Task description:
Please print, word for word, every line from the one that contains "Clarisse Diamante Faux" through the last line of the records, and nothing else.

*** Provided data ***

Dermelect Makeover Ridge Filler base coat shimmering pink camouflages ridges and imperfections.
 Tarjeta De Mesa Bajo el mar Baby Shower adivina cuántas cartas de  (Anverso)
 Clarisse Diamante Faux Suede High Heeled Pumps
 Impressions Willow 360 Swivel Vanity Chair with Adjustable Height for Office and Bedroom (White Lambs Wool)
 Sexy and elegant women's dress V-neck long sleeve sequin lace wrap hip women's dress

*** End of Provided data ***

Response to the exercise:
 Clarisse Diamante Faux Suede High Heeled Pumps
 Impressions Willow 360 Swivel Vanity Chair with Adjustable Height for Office and Bedroom (White Lambs Wool)
 Sexy and elegant women's dress V-neck long sleeve sequin lace wrap hip women's dress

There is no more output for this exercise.